_Work to be completed_.
Restate, in full and unchanged, the entries that follow, but not their pictures.

══ Data supplied ══

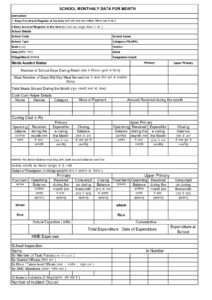 School Data Format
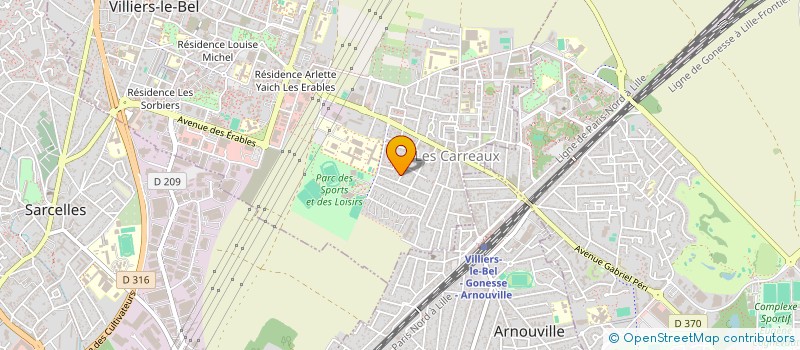 localisation de l'entreprise MONSIEUR IBRAHIMA DIALLO  VILLIERS-LE-BEL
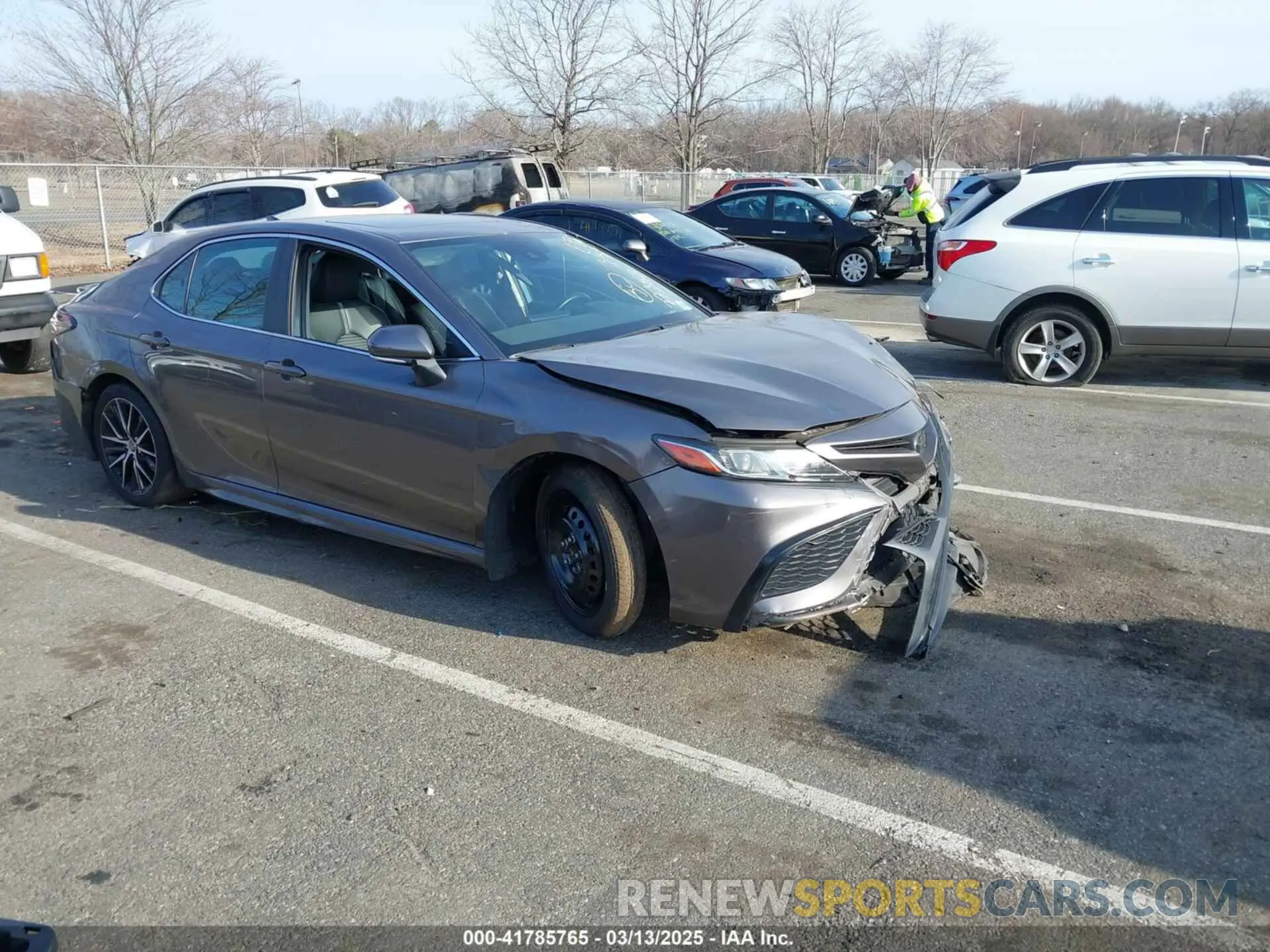 1 Photograph of a damaged car 4T1G11BK7PU077382 TOYOTA CAMRY 2023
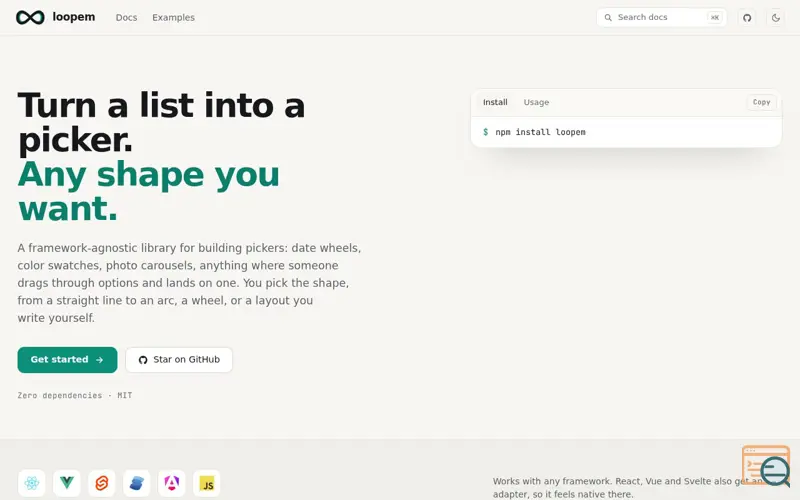 Screenshot of Loopem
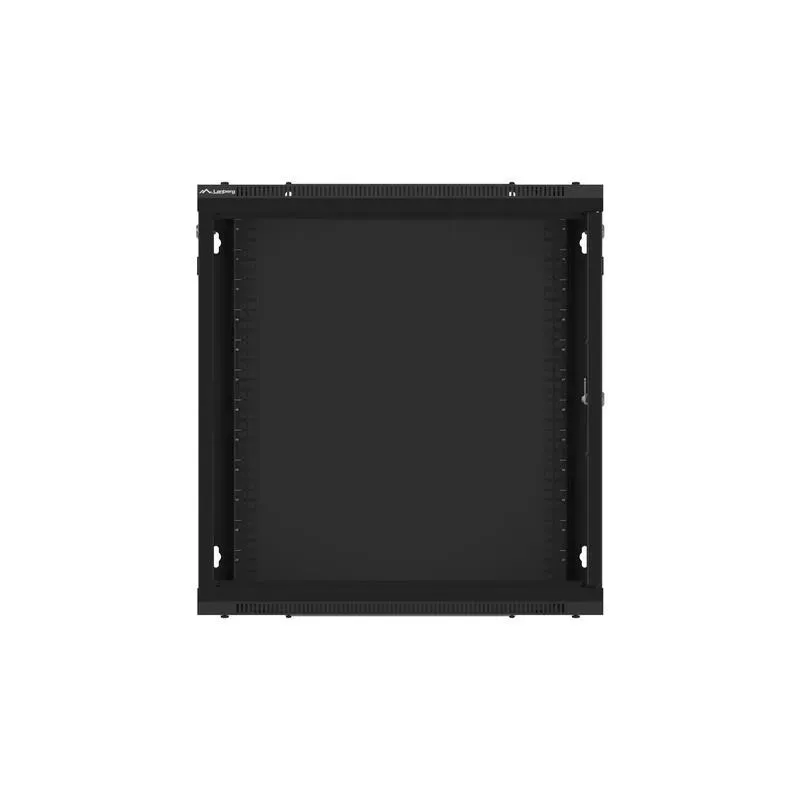 Szafa instalacyjna Rack wisząca 19" 12U 600x450 czarna | PartsPC.pl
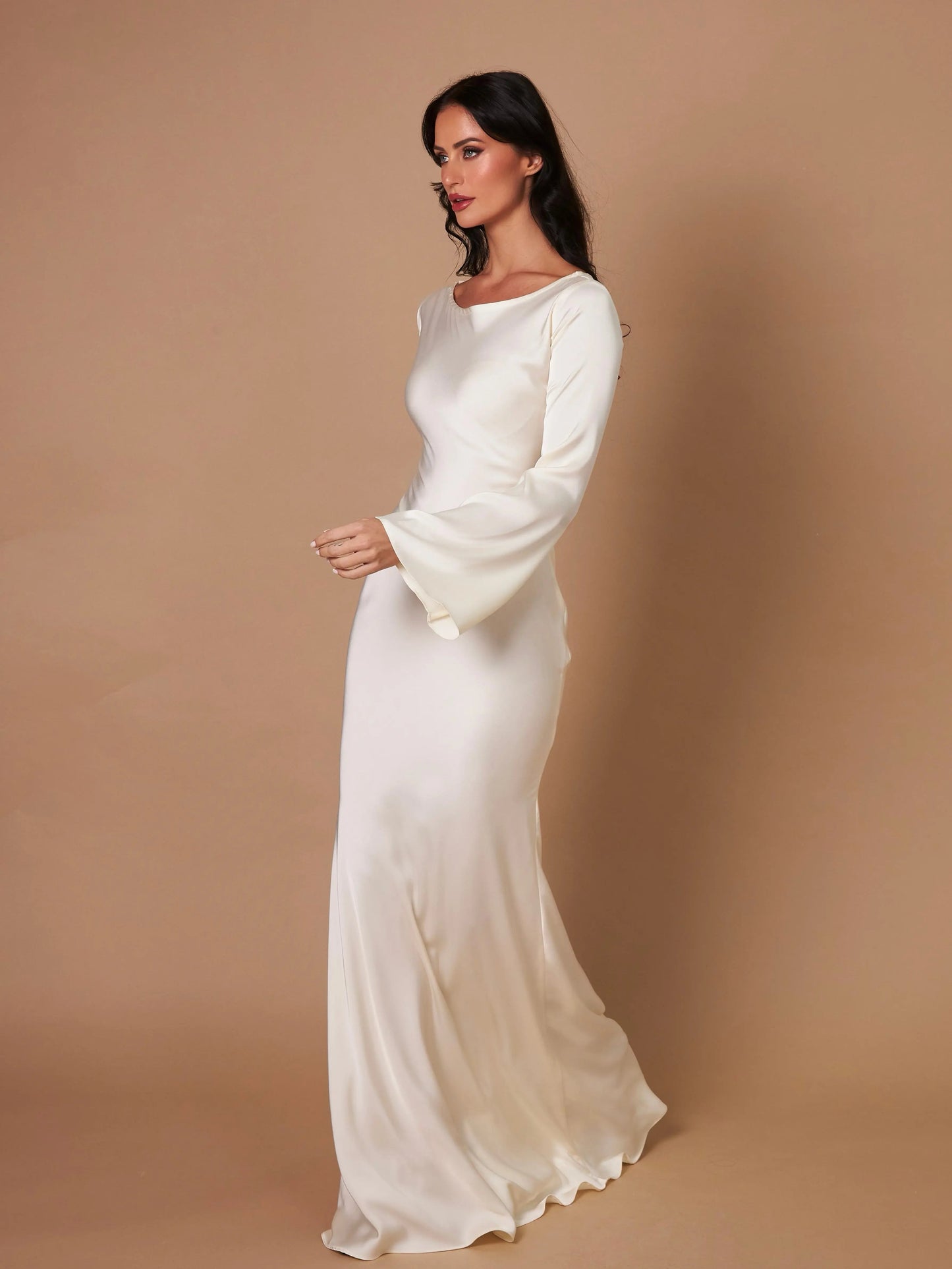 Long Sleeve Fitted Maxi Dress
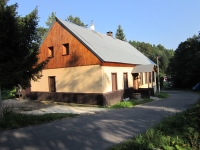 The former school building in Velké Vrbno (Gross-Würben), one of the two original pre-war buildings still standing today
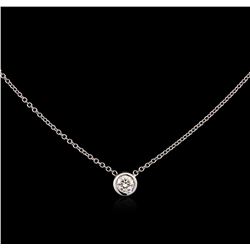 0.25ct Diamond Necklace - 14KT White Gold
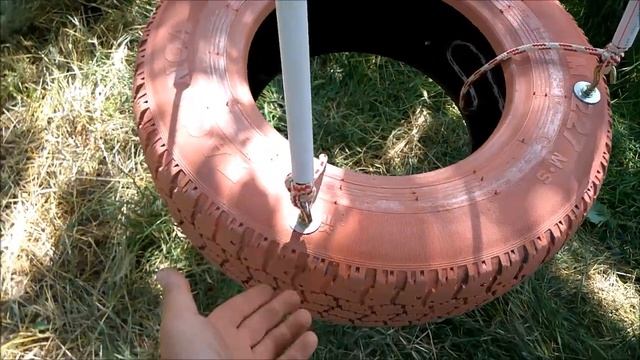 Сделай сам - детские качели из автомобильной покрышки/ блог Маши/Новая Жизнь смотреть онлайн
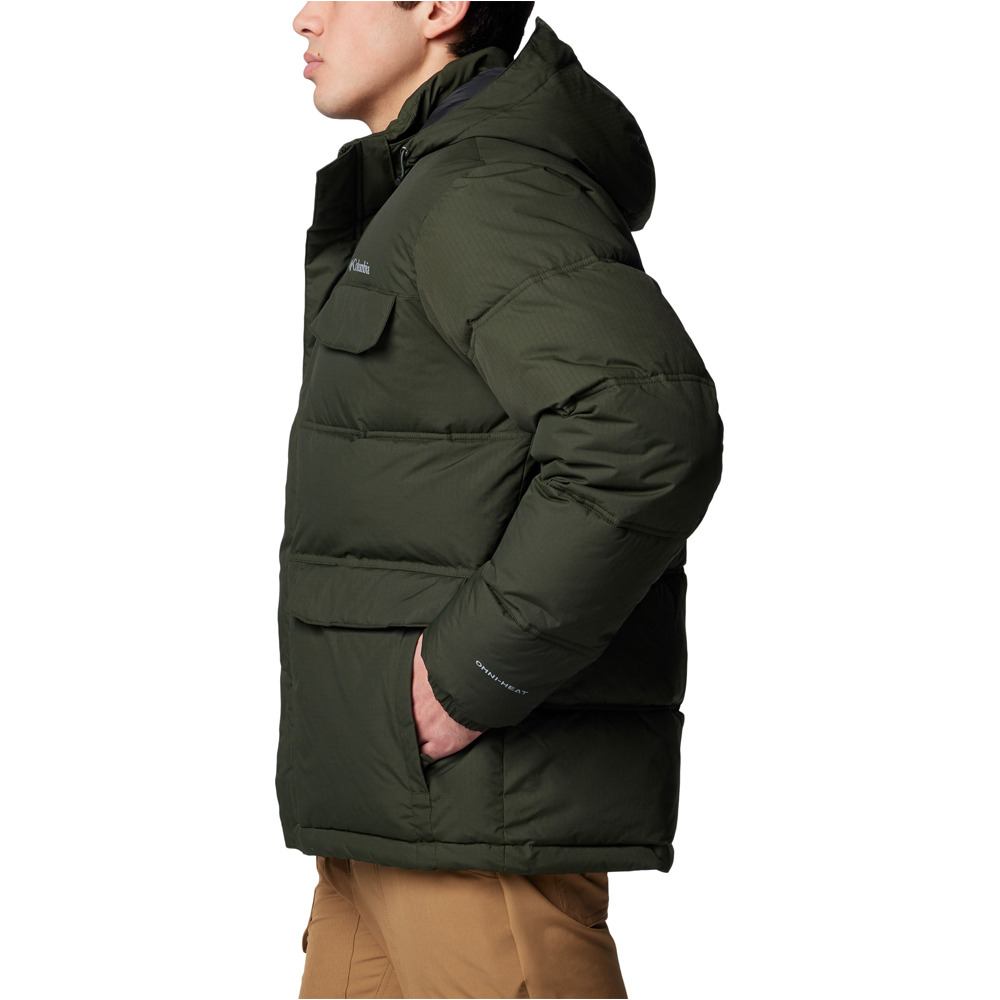 Columbia chaqueta outdoor hombre LANDROAMER VERDE vista detalle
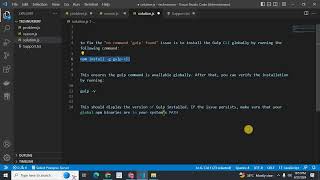 no command 'gulp' found npm install gulp node js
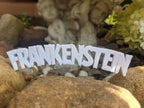 Frankenstein Shelf Sign, Classic Horror Film Logo, PLA Plastic, product image 5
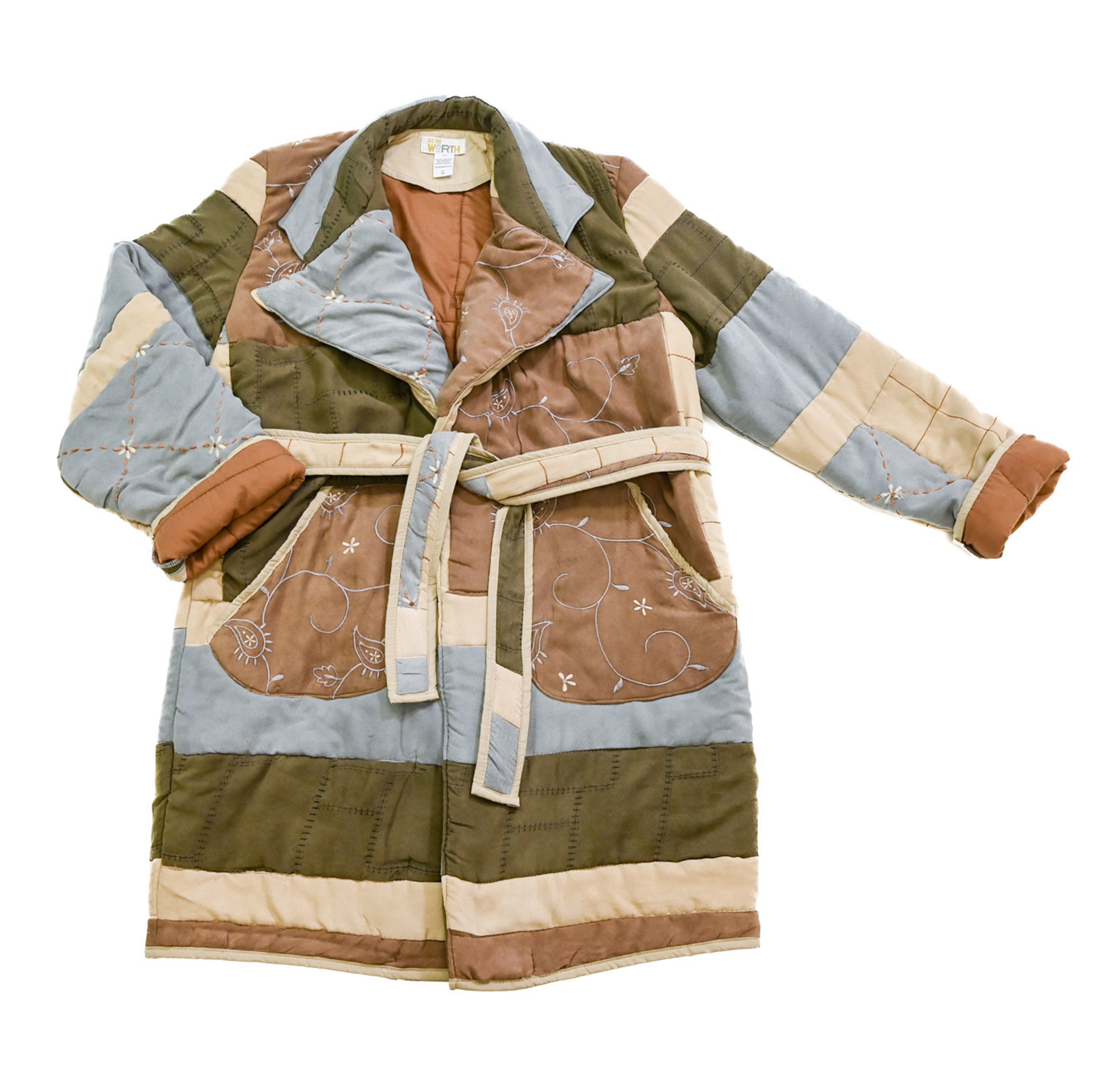 Quilted Trench Coat - 3XL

═══

_Solved exercise_.
 School Data Format
 localisation de l'entreprise MONSIEUR IBRAHIMA DIALLO  VILLIERS-LE-BEL
 1 Photograph of a damaged car 4T1G11BK7PU077382 TOYOTA CAMRY 2023
 Screenshot of Loopem
 Szafa instalacyjna Rack wisząca 19" 12U 600x450 czarna | PartsPC.pl
 Long Sleeve Fitted Maxi Dress
 The former school building in Velké Vrbno (Gross-Würben), one of the two original pre-war buildings still standing today
 0.25ct Diamond Necklace - 14KT White Gold
 Сделай сам - детские качели из автомобильной покрышки/ блог Маши/Новая Жизнь смотреть онлайн
 Columbia chaqueta outdoor hombre LANDROAMER VERDE vista detalle
 no command 'gulp' found npm install gulp node js
 Frankenstein Shelf Sign, Classic Horror Film Logo, PLA Plastic, product image 5
 Quilted Trench Coat - 3XL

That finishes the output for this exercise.